I can't wait for my new Baju Kurungs. Purposedly tailored for office events. I didn't plan to have Baju Raya this year ( or any years ) Talking about Raya, it worries me. Not knowing how the morning of Raya will be, scared me. Will it be another chaos? Somehow I wish I am the only child in the family. (cruel huh...?) That is how I felt. I don't feel I have siblings at all. Everybody is too busy with their 'world'. And to be honest I am not in their photo album. I have been invisible ever since I returned. I was before, but then again, I didn't feel like I was there to begin with. I was only their khadam, messenger or a plain goat for them to slaughter. That's how I looked at it. Now, I couldn't be bothered if they don't come and visit at all. They all have families, I can understand. How come I didn't see such things happen to other people's families? What I don't understand, have I been in their picture when I was born?
What went wrong? beats me. Lack of Love I presume. I on the other hand, is bestowed with tonnes of Love (eventhough I've recently realized it) I have been THE apple of my parents eyes since Allah knows when. In fact, too much. I remember not being able to go outing with friends, not until 15 or 16 years old. I was not allowed to have male friends until 18 years old. No dating whatsoever. I have been under my parents' microscope till now. I remembered shopping at Rantau Panjang (when I was 24...) which took about an hour from my house, coming home straight to a question of "what were you doing there? who were the 2 person with u? why weren't we told of them" ( I know..My God too...) we're talking about daylight and I went there without telling) My fault too but to be scolded like I went for a date or menggataling with a man, that was unfair. But, that was my life. I have been guarded since I was small. I'm not a Dato' or Tan Sri's daughter, not even a Princess of any states, Yet, I'm guarded. Now, I have curfews. I cannot be home later than 11.30pm (or i'll turn into a pumpkin..mashed pumpkin) Few years back it was 7pm. Imagine at the age of 27 my curfew is 7 at night. The only reason I got my curfew being pushed slightly later because I got involved with many programs at work. If I have student's emergency, I have to give details and then I'll be released to 'perform' my duty to my needy students. (hensel n gretel pun...tak macam tu ....haha) Somehow, refusing the Datukship from kelantan ruler IS a right decision after all. Imagine my life after that...like penjara la jadi nya...bukan bleh bawak masuk kubur pun......

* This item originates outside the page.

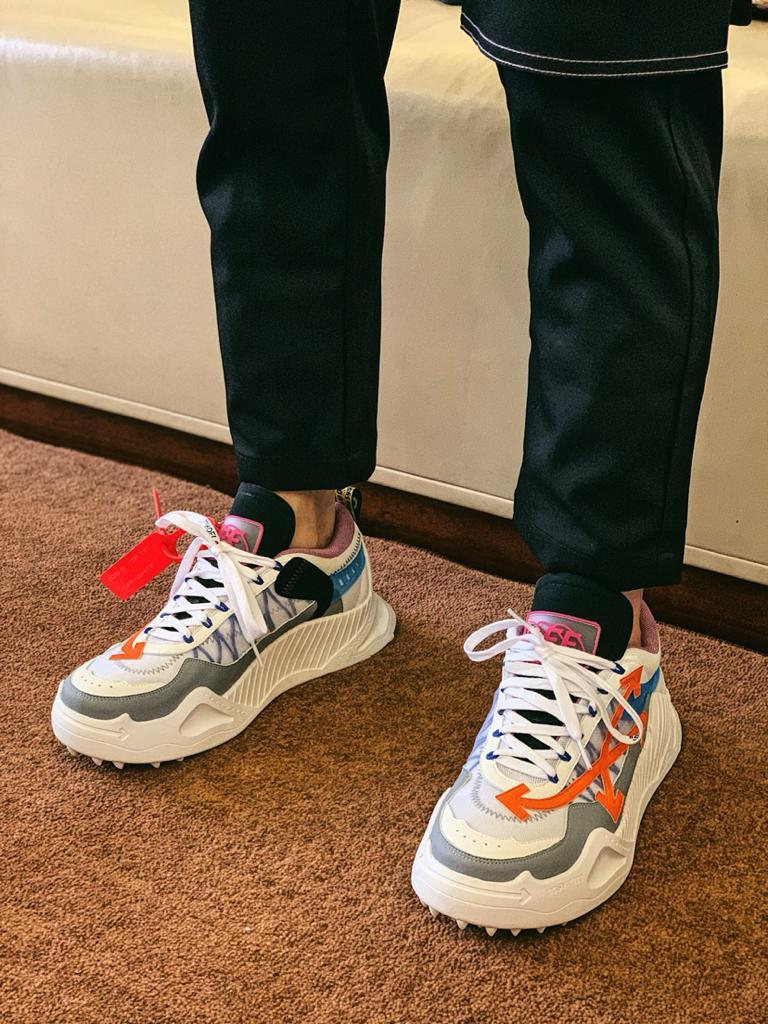OFF-WHITE Odsy-1000 White Orange SS20 - vstockx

That is my life. I used to complaint about it (like a lot) But now, I'm accepting it. I am (olweish) a Princess to them. None of my siblings get THE attention like I do. If my parents have to be away for few days, I'll have a Nanny to accompany me! I once joke my mum, "do u want them to change my pads?" hahaha as usual my mak will bengang and bebel like no tomorrow. I have been and lived places, handling things on my own ..and when I am home, I'm like a newborn! I still have to do chores on my own, it's just that they still need to govern me. Haiyo ..at this age...you tell me. My parents are too protective. That's my conclusion. I once asked my mak, " sapo la nok kidnap saya?" Look at me, my ketumpatan is Jitu mak ....they wont be able to drag me..." and she'll go yap this yap that..yap yap..people can still harm you in many ways.....it goes on and on....and on. *sigh* hehehe How did I survive all that? I don't know... But my skin is sure is THICK!
That's why home is my cocoon. My private place to lepak with my parents. I choose people whom I can invite for several private reasons. I cannot randomly invite. I need privacy. I don't talk much at home because that's where I derive my Ideas and do my readings. Not many people can understand that. Home is where the Heart is, indeed it is, at least to me. I savor being at home with my parents a lot. I'm used to living alone and independent and I'd like to keep it that way(until I get married la..that's another story.) I do have friends come over, and they are real friends. Friends who knows me inside out, and they never judge me. They take me for who and what I am.